***** GIVEN INFORMATION *****

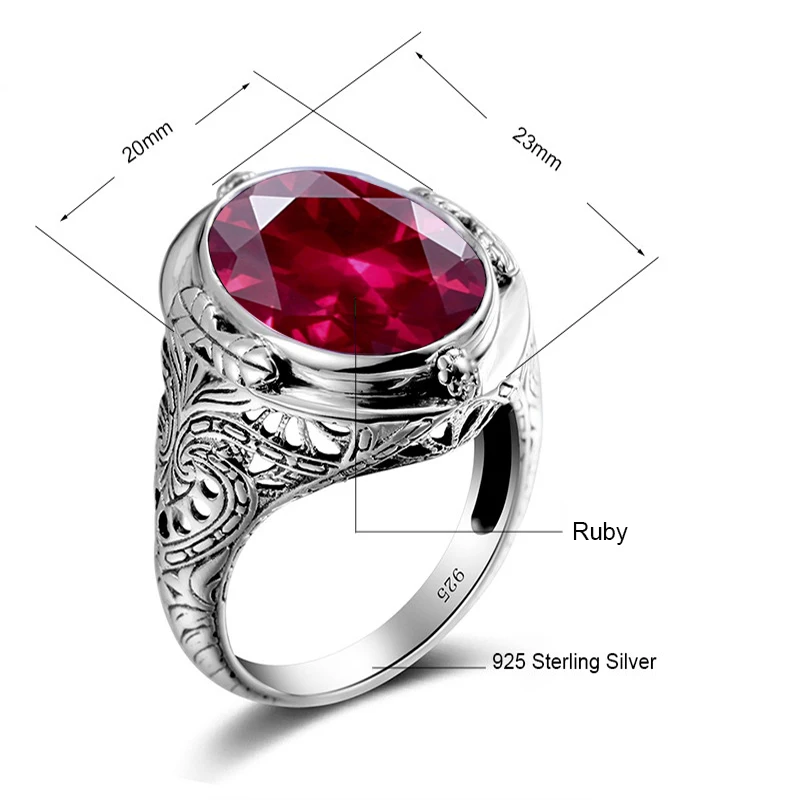 Мужское и женское кольцо из серебра 925 пробы с рубином|ring fashion|ring with rubyring ring |
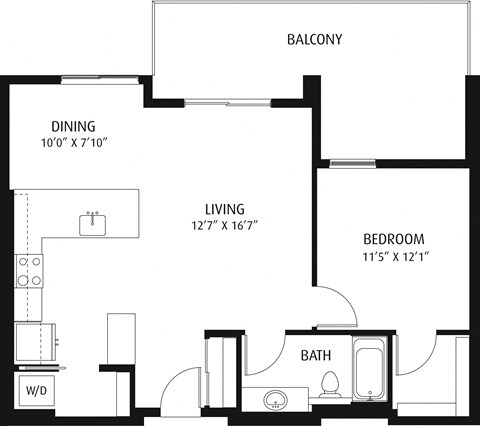 Floor plan for 1 bed, 1 bath, 817 sqft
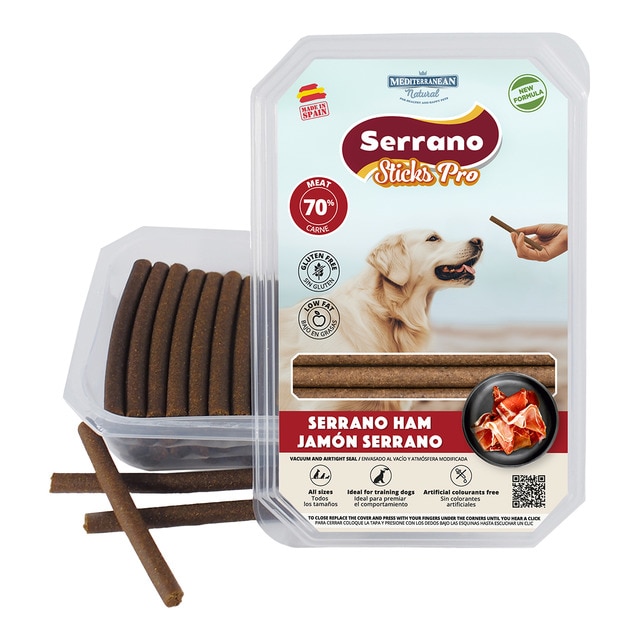 Mediterranean Natural – Snack para perros adultos Mediterranean Natural Ibéricas sticks jamón serrano. 800 g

*****

_EXERCISE_: Omit the pictures and print the listing exactly.

_SOLUTION TO THE PROBLEM_:
 Мужское и женское кольцо из серебра 925 пробы с рубином|ring fashion|ring with rubyring ring |
 Floor plan for 1 bed, 1 bath, 817 sqft
 Mediterranean Natural – Snack para perros adultos Mediterranean Natural Ibéricas sticks jamón serrano. 800 g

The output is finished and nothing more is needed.